Monday, 23 May 2011

Schrödinger's beer

One of the beers I picked up on Saturday was Sharp's Monsieur Rock.

This beer was brewed back in October when Sharp's were still a craft brewery. Since then they've been taken over by the Molson Coors industrial mega brewery. As Sharp's stopped being a craft brewery the moment the money changed hand I wondered what effect it had on the beer?

Like Schrödinger's cat it seem to be in a superposition of states: both craft beer and industrial beer. I was able to observe the beer in the bottle all I wanted but this did nothing to collapse the wave function. So I opened it.

Instantly the beer became one state, but which one? It was very pale, with a delicate hop aroma and an interesting flavour. The pale colour and the saaz hops were saying premium lager but there wasn't any of that unpleasant vegetable taste so it was quite like a golden ale too.
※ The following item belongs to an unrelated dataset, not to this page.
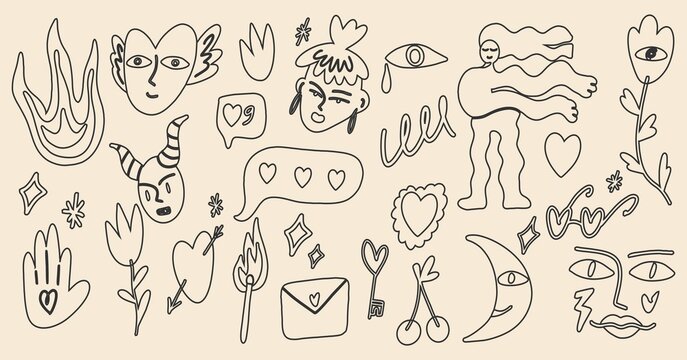 Naklejka Big set of different abstract doodle icons, outline, line. Hearts, faces, plants, characters and more. Vector illustration, cartoon style, flat design. All elements are isolated.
I'd happily drink it again, but I'm not sure I'd buy it again, so I wasn't sure whether this meant it was craft or industrial. Then I remembered that it was an interesting beer, and as this seems to be one of the most important characteristics of a craft beer it could only be in that state. Awesome.


  1. Your mere observation altered the reality of the situation anyway. If someone else collapsed the wave function the result would have been different. Perhaps this is the reason why all beer reviews differ...

  2. Once the passion is in the beer, it stays in. Otherwise, a "craft" beer sold by corporate whores in supermarkets would be just another unreal "product". Surely.

  3. Clearly we need to quantum entangle every bottle of each particular batch of beer before it leaves the brewery, so that when one is opened and drunk, the collapse of the waveform means each entangled bottle has exactly the same flavour and aroma as the first one to be opened. Unless you only have ein stein to drink out of.

  4. Perhaps we need to ask CERN if they'd stick a double IPA in the Large Hadron Collider and see if they could find the elusive crafton particle for us.